Longa porque lá atrás eu decidi criar um fundo de viagem para curadores e, todo ano, cada departamento podia mandar um membro para conhecer algum país da América do Sul e insisti, em contrato, que eles não eram obrigados a mostrar nada do que tinham visto, só tinham que conhecer. O que passou? A primeira a se beneficiar da bolsa foi Paola Antonelli e ela veio ao Brasil, onde conheceu dois rapazes que faziam móveis e se chamam Campanas. Na volta, em 1998, ela organizou uma pequena mostra deles, no Project Series, nós compramos uma peça e o resto é história. Isso me deixa muito feliz.
Outra coisa que acabamos de criar no MoMA é um bibliotecário especialista em América Latina.
E isso é pago pela Fundação Cisneros?
Sim, isso é uma doação para um fim específico. Mas eu também queria falar de um assunto que é pouco abordado que é o direito de autor. Quando fizemos nosso primeiro site, o que já faz muito tempo, acho que em 2000, não me lembro bem, mas lembro não tínhamos o presidente que temos [Chávez].
Enfim, contatamos os artistas para conseguir suas permissões e, mesmo aqui no Brasil, muitos não sabiam que havia algo chamado direito de autor e nós aconselhamos a muito, inclusive dando apoio legal, a saberem como fazer isso. E também fiquei muito feliz em poder dizer isso aos artistas.
E isso mostra que o fundamental é o respeito aos artistas. Ontem, eu comentava que tenho uma casa na Republica Dominicana, onde há furacões, sabe. Ela tem um belo jardim e muitas paredes e não existe nada nessas paredes. Alguns amigos aconselham colocar obras de artistas jovens, mas para mim não interessa se uma obra vale U$ 50 ou U$ 500 mil, é uma obra de um artista, saiu de sua alma. Por isso, sou brava com os colecionadores.

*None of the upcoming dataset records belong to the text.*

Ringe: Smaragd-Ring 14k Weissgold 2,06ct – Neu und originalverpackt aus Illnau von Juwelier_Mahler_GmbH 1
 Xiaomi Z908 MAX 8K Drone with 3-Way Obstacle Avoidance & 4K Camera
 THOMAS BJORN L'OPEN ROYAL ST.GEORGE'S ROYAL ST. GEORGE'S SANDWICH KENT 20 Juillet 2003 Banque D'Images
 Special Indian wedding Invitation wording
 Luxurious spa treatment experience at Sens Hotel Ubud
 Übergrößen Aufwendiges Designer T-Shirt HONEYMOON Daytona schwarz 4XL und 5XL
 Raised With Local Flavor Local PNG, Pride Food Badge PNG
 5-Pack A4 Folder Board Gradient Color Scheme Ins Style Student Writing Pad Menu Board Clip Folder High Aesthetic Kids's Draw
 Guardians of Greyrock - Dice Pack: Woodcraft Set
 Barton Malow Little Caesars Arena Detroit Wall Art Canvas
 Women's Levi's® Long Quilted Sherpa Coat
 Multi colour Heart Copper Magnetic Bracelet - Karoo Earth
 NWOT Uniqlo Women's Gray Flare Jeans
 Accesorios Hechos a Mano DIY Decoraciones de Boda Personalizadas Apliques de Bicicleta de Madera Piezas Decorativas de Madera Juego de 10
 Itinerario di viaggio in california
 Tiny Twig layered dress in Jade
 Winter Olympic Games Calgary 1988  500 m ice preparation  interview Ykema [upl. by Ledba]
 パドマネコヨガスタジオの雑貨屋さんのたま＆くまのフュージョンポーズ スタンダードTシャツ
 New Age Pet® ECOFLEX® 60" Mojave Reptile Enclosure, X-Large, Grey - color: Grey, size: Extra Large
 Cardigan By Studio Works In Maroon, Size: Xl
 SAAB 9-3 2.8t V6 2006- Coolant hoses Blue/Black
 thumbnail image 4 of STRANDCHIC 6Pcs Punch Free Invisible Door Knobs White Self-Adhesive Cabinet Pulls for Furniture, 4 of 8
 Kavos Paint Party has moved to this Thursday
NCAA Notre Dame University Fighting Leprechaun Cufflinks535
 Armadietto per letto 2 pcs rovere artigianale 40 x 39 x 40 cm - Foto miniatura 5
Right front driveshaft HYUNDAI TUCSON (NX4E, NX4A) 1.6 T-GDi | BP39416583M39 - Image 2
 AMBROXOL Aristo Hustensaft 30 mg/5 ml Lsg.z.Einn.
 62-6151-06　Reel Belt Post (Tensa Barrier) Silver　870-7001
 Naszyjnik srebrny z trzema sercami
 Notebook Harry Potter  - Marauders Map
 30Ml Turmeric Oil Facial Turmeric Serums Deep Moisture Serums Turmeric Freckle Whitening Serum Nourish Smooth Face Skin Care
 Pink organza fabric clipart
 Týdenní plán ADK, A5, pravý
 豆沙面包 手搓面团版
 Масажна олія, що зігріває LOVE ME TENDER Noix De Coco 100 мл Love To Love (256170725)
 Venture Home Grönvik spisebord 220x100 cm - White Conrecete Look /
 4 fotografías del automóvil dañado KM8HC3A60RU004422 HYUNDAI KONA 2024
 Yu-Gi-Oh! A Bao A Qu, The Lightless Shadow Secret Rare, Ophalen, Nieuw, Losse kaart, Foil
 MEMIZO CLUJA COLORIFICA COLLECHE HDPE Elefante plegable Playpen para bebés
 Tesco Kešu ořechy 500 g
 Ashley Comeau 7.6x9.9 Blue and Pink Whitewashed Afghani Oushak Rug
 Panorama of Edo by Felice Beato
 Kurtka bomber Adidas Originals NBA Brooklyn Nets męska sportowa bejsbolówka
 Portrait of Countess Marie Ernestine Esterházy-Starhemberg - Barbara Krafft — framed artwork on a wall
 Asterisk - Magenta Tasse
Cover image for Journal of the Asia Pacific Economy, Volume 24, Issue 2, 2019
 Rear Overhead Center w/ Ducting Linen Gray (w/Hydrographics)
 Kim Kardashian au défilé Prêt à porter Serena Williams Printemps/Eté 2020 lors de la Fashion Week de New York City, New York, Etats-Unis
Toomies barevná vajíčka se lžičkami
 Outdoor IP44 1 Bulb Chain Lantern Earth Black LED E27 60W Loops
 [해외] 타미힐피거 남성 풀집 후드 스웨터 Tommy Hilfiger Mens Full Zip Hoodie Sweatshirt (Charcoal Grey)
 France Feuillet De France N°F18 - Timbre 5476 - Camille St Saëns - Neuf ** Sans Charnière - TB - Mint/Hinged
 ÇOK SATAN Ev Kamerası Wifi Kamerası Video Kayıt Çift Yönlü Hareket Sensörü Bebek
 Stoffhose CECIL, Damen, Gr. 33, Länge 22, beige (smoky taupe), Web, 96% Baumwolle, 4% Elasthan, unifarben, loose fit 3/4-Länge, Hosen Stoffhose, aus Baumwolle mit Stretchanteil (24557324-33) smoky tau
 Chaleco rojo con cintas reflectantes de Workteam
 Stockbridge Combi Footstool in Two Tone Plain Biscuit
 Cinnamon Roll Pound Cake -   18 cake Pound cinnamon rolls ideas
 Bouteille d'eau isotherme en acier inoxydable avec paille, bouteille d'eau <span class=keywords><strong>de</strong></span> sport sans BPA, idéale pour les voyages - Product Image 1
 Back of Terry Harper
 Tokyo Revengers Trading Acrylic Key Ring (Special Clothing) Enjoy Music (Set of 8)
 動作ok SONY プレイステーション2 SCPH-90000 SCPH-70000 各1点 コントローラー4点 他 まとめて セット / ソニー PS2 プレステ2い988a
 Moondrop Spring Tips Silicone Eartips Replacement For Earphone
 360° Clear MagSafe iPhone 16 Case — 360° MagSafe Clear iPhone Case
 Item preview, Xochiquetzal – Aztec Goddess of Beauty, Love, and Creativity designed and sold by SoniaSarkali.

A Fundação é muito discreta em relação a quantas obras possui, tentei descobrir por vários meios e não consegui...
Temos 5.860.000 obras. Ai, está gravando. É brincadeira!! (risos).
A senhora gostaria de dizer mais alguma coisa?
(silêncio) Sim. Nós consideramos que estamos cuidando das obras, quase todas passaram pela nossa casa, mas o que digo é que estamos cuidando delas porque elas pertencem ao mundo.